Ils incarnent la cohérence de la vie qui est, bien souvent plus cohérente que
celle des hommes qui s’affalent de tout leur court dans le lit de l’apathie.
Vous vous en doutez sans doute, Mirbeau aussi est du côté du petit homme :
« Je n’étais pas sûr que le petit homme, malgré ses aveux, ne fût point
innocent ». Le côté dingo de Mirbeau ou le côté humain de Dingo le
rend méfiant devant la justice : « [J’ai] une telle répugnance
pour ces faces indifférentes qu’ont les juges, un tel effroi de ces faces
mornes, têtues qu’ont les jurés […] que je crois toujours, par une sorte de
protestation instinctive, à l’innocence des pires criminels. » Trop
primitif ? Trop facile ? On ne demande pas (pas encore) à un dingo de
prendre des gants.
À
Ponteilles il y a bien sûr un notaire. Il y en avait un qui est parti avec les
économies des concitoyens. Maintenant il y en a un autre. Et les notaires ont
beau jeu avec les paysans dont « l’amour-propre est celui d’un enfant
stupide et têtu », il leur suffit de parler de manière difficile car
ils sont raisonnables seulement quand ils ne comprennent pas. Et les paysans
« méfiants envers leurs pères, leurs mères, leurs enfants, et envers
eux-mêmes, méfiants envers les animaux et les choses et envers l’ombre des
choses [ils] accordent au notaire une confiance illimitée. » Il faut
dire que Mirbeau aussi l’aime bien, le deuxième notaire, qui comme le premier
s’enfuira un peu plus gras, un peu plus riche ; lui aussi se laisse
prendre et ne fait pas confiance à la sensibilité de Dingo qui a tout de suite
flairé la charogne.
Dingo
mûrit. Dingo fait ce qu’il sait faire et il aime faire ce qu’il sait faire.

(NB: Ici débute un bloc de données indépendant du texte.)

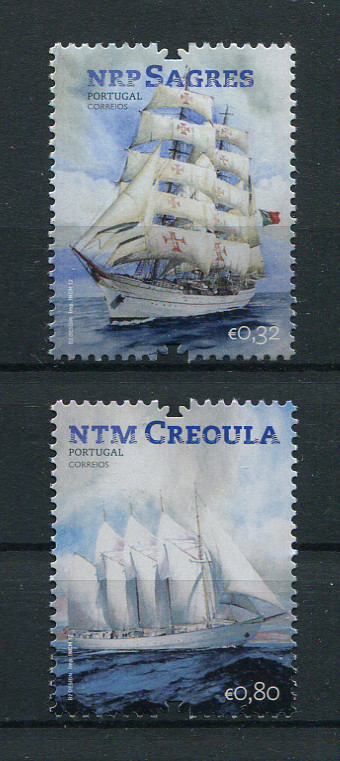 2012 - Afinsa nº 4232/4233. Navios Sagres e Creoula. Série nova sem charneira. Goma Original. Em boas condições.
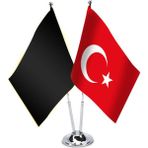 Asilmeydan Harezmşahlar Devleti ve Türkiye İkili Saten Masa Bayrağı
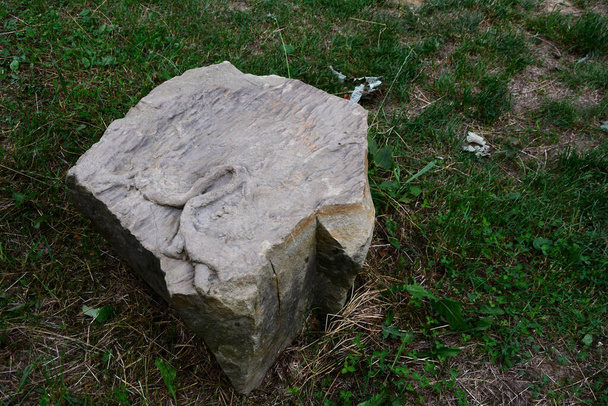 Large natural stones are used as an element of park sculpture. - Valokuva, kuva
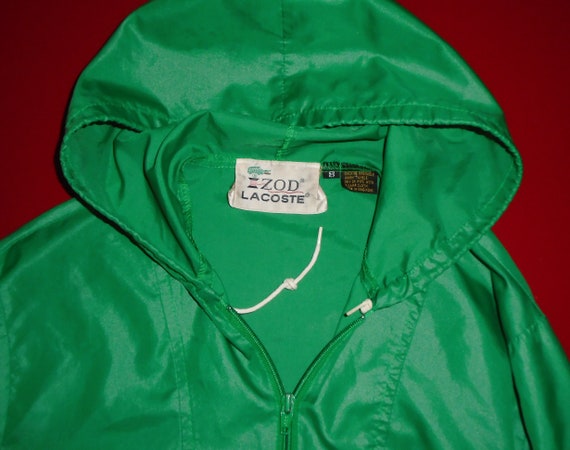 Izod LACOSTE Anorak Jacket Vintage 80's Green  Wi… - image 6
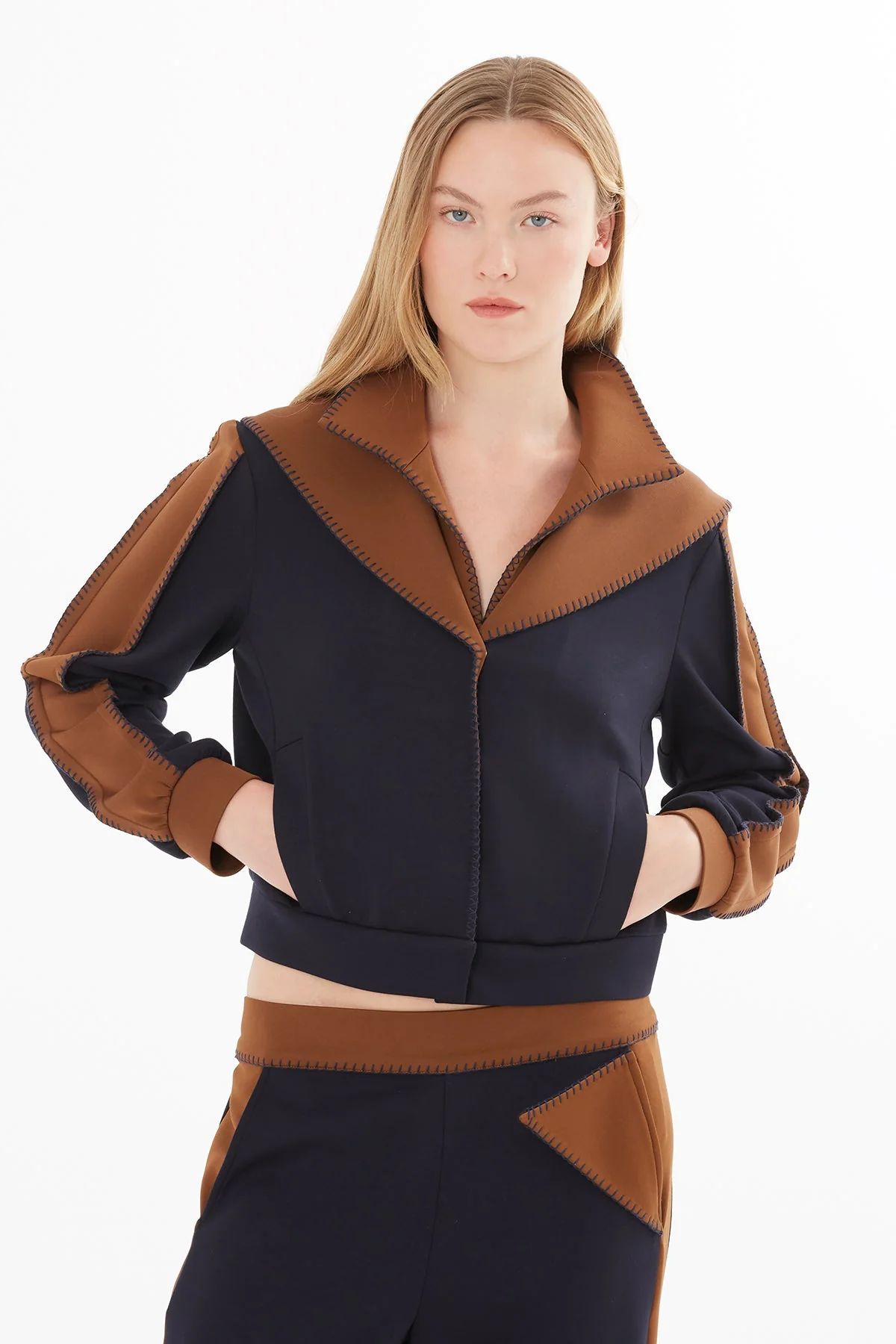 Navy Stitch-Detail Sweatshirt - Image 3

Mais ce qu’il sait faire n’est pas nécessairement ce que les braves
agriculteurs, les cabaretiers, les savants (il y a même un savant, expert des
araignées, qui feint un détachement très louche par rapport à la carrière et
dont la jeune fille a un petit agneau. Vous le voyez venir, n’est-ce pas ?
Donc la fille qui a un petit agneau aime Dingo qui, lui, aime bien la fillette
mais lui préfère l’agneau. Ce qui est assez normal, pour un dingo. Imaginez les
cris du savant et de sa bobonne s’il avait dévoré leur fille au lieu de
l’agneau. Ils auraient pleuré toute une fin de semaine). Il chasse, il tue
comme s’il était l’incarnation de Gengis Khan. Il devient la cause de tous les
maux, même de la vache folle (permettez-moi ce coquet anachronisme, ça me
permet de prendre mon souffle). Et Mirbeau paye, paye, paye… jusqu’à ce qu’il
décide de retourner à Paris avec son Dingo qui devra se contenter de prendre les
fourrures de la maison pour des bêtes vivantes[4].
[1] Edmond et Jules
de Goncourt, Journal (16 mars 1891).
[2] On en a vu
d’autres ! Pour remplir leurs bibliothèques, les riches font n’importe
quoi, comme domestiquer Sade et Nietzsche et les faire reposer sur du papier
bible !
[3] Dingo :
mammifère carnivore (canidé) australien, scientifiquement appelé Canis
familiaris dingo, qui a l'aspect d'un grand renard.
[4] Dingo se laissera
mourir aux côtés de la femme de Mirbeau après avoir montré aux chiens et aux
chasseurs déchaînés derrière un cerf comment on attrape sa proie.